» Exercise prompt
Reproduce the section of the listing that begins at the line containing "デニムセットアップ ローズフリル デニムセットアップ" and finishes at the line containing "and Suryakumar Yadav". Include both end lines and nothing beyond them.

» Data section
- - - - - - -

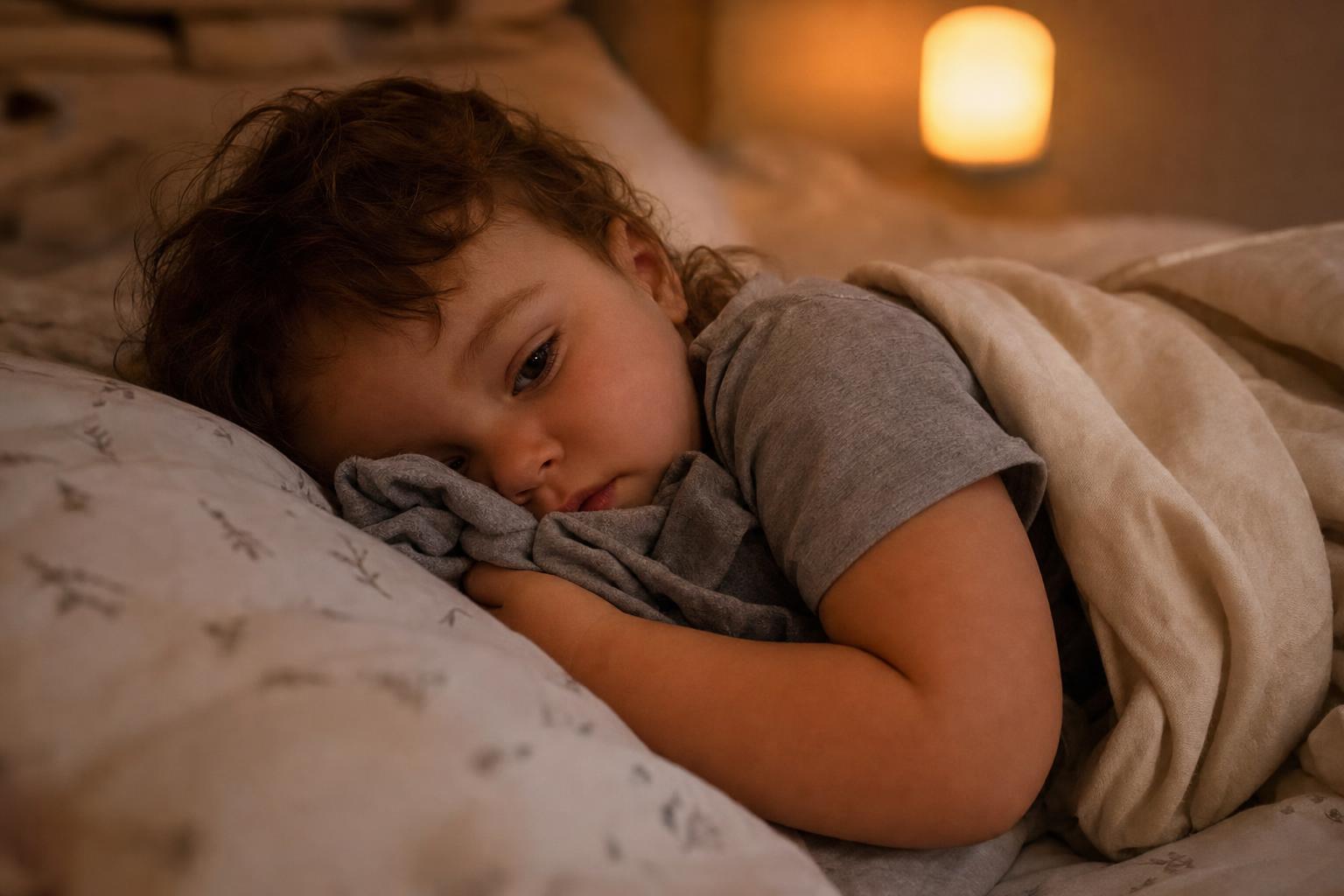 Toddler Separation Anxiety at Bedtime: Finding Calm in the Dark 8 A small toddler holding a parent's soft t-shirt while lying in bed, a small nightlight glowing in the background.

- - - - - - -

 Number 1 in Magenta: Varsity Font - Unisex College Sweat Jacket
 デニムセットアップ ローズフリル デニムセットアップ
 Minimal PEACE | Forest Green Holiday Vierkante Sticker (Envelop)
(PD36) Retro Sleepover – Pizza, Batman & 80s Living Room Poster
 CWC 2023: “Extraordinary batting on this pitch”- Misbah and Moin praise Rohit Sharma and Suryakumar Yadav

- - - - - - -

» Solved problem
 デニムセットアップ ローズフリル デニムセットアップ
 Minimal PEACE | Forest Green Holiday Vierkante Sticker (Envelop)
(PD36) Retro Sleepover – Pizza, Batman & 80s Living Room Poster
 CWC 2023: “Extraordinary batting on this pitch”- Misbah and Moin praise Rohit Sharma and Suryakumar Yadav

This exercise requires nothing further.